いったいいつごろ生まれた言葉か知らないが、その語源的な構造を考えてみます。
「まれ」の「ま」は、「間」でもある。「まったく」とか「まさに」とか「まっすぐ」とかの「ま」は、ある「納得した気分」で発声される。ア行の発音は、体に力を入れるでも抜くでもない、その「間(ま)」の状態においてなされる。古代人にとってそういう状態こそ、この生をいちばんたしかに納得できる状態だった。そういう確かさの感慨から、「ま」と発声される。
「ま」は「真」でもある。体がぴったりとこの世界にはめ込まれてある状態、そういう「真=間」がイメージされてもいる。
そして「まるい」というように、「ま」は、世界が完結しているさまに対する感慨も含まれている。
やまとことばにおいて、「ま」は、もっとも深く「間」を納得する気分を表現している。だから「間」がイメージされたとき、「ま」という声が自然に出てくる。
「山」の稜線は、山間地で暮らす人々にとっては、周囲の視界でもっとも遠い眺めである。奈良盆地に立って周囲を見回す体験を思い浮かべればいい。そういう視界のもっとも遠いところを、この世とあの世の「間(ま)」、すなわちそこで世界は完結している、と古代人は納得した。そして「山」の「や」は、「やあやあ」とか「ヤッホー」とか、はるかに遠いものに対する憧れや呼びかける気分です。そうやって憧れて納得している感慨から「やま」と発語される。
「ま」は、「間」として深く納得する気分のこと。体ががこの世界の「間」におさまって、ゆったりと落ち着いている気分。
そうして「まれ」の「れ」は、「あれ」「これ」「だれ」「生まれ」「なかれ」「けれ」というように、ある方向を探索する気分がこめられている。「あれ」と「これ」の「間」に「まれ」がある。
出会いの瞬間に「だれ?」と探索し、「あれ?」と驚き納得する。「あれ」の「あ」は、かすかな納得です。そのかすかな納得を探索するのが、「れ」です。エ行は、「あいうえお」の中で、息を持続するのが一番苦しい発声です。だから、どうしても探索したり不安になったりする気分の表現になる。
であれば、「まれ」という言葉は、「れ」というかたちで他者や世界を探索し、「ま」と発声して「間」を納得する気分を表現している。その「ま」は、あの世とこの世の「間」である遠いものや変なもの(魔)がイメージされ、不安とともに探索し納得する気分になっている。
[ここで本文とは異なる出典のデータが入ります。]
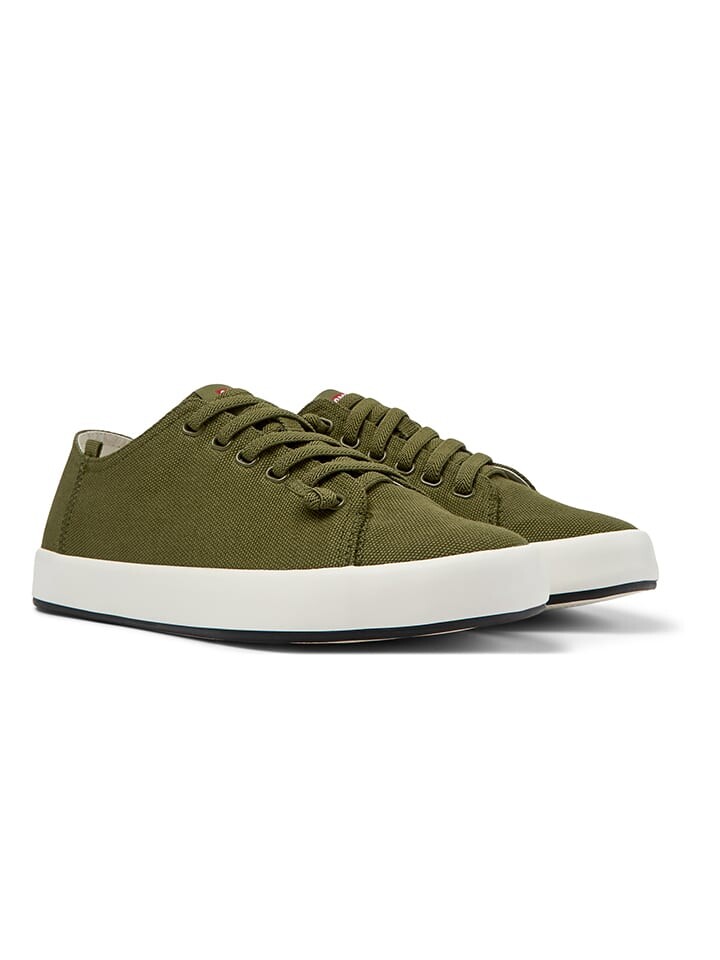 Кроссовки на шнуровке Camper Sneakers, хаки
そういう「まれ」であって、「数・数量・度数」のことではない、と僕は考える。
「まれ」とは、この世(これ)とあの世(あれ)の「間(ま)」を探索する感慨のこと。
すなわち「まれびと」とは、こちらがわでもあちらがわでもない「間」に存在する人、ということになる。女が自分の中にペニスを迎え入れているとき、彼女にとって男は、まさにこの身体の内でも外でもない「間」に存在する「まれびと」です。
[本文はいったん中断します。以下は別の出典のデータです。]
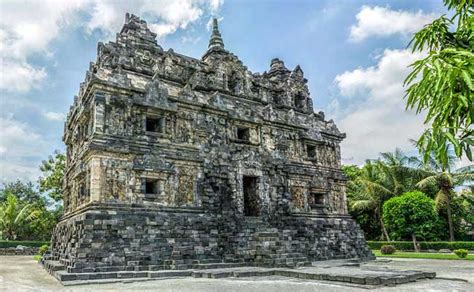 Sari Temple in Sleman Regency, Yogyakarta Special Region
「年にまれなり」という表現が慣用句だとすれば、「めったに見かけない」というような意味でしょう。めったに見かけない人も、このときばかりは待ちかねたようにこの有名な桜の花を見に来る。めったに見かけない人だから、土地の人ではない。しかしここに来ているかぎりにおいては、いまやよその人でもない。訪れびとは、こちらとあちらの「間」の存在です。そういう「まれ」でしょう。この場合の「まれ」は、「唯一」という全否定ではない。「まれなる」という言葉そのものに「訪れ来たる」の意味が含まれている。含まれていなければ、「まれなる」という言葉は成り立たない。そして含まれているということは、その「まれ」は「唯一」というほど強い全否定ではなく、「めったに」というたんなる気分だということのほうがしっくりくる。いや「一回きり」でもいいんですけどね。そうやってとにもかくにも「出会った」ということの感慨を汲みとらなければ、この歌の味わいはどこかに行ってしまう。「ああ、あの人もこの桜が咲くのを待っていたんだなあ」という出会いの感慨。
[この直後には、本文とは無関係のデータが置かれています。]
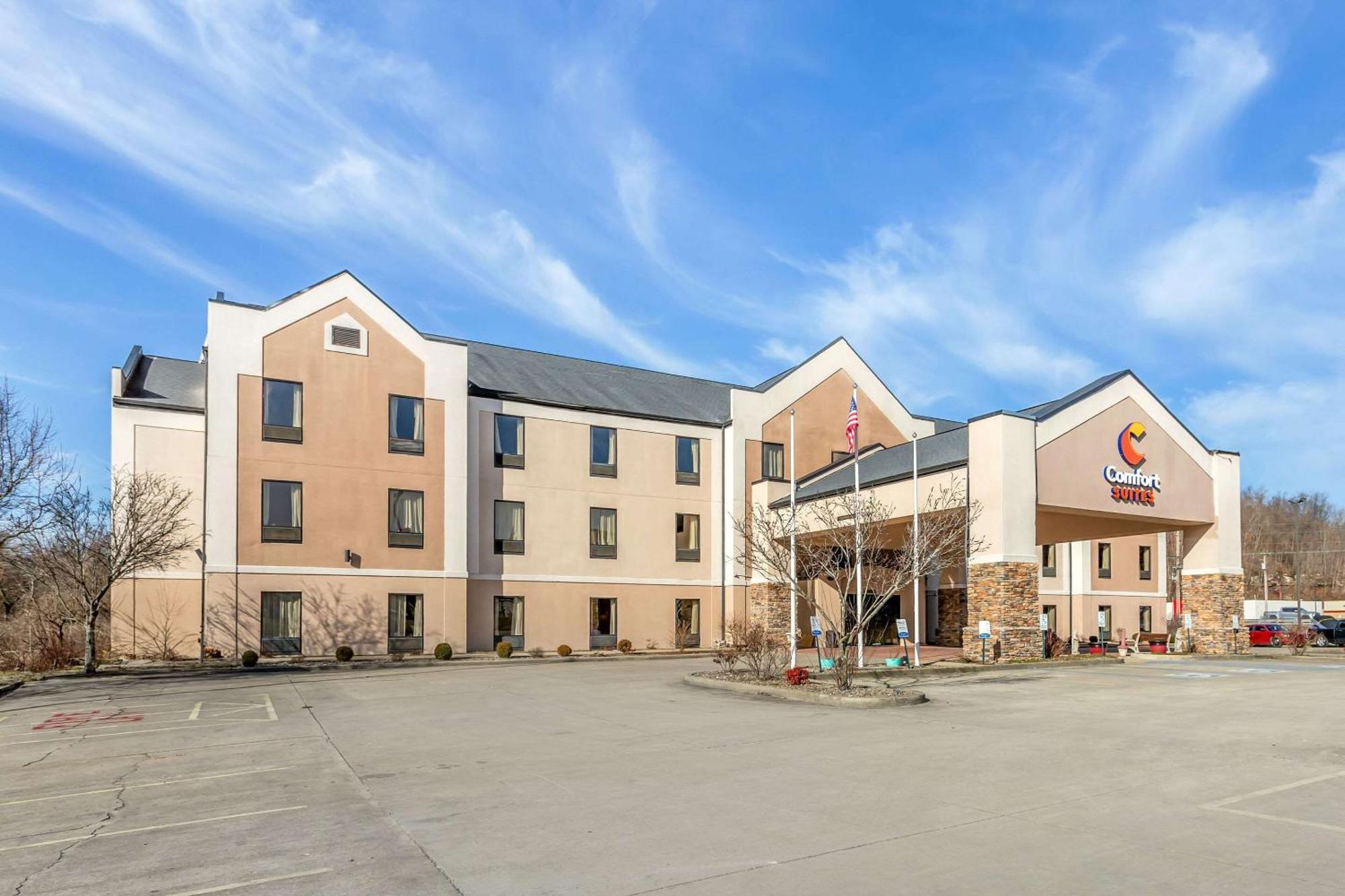 Comfort Suites South Point - Huntington Esterno foto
桜は、人の心に「現在」を意識させる。過去と未来の「間」に、鮮やかに出現する。そのとき、過去も未来も消失して、意識が「現在」だけに憑依している。そういう「間」に抱きすくめられる心の動きのことを「まれ」というのだ。この歌の「まれなる」という言葉には、そのような感慨が含まれている。「年にまれなる人」も、桜とともにそういう現在という「間」にあらわれたのだ。
人と人は、「まれ」なる場所において出会う。そしてたがいに相手を「まれ」なる人と認識する。そういう出会いの場やそのときの感慨のことを「まれ」という。それはいわば関係概念であり、「出会いのときめき」という感慨の表現であって、「唯一」でなければならない語源的な根拠は何もない。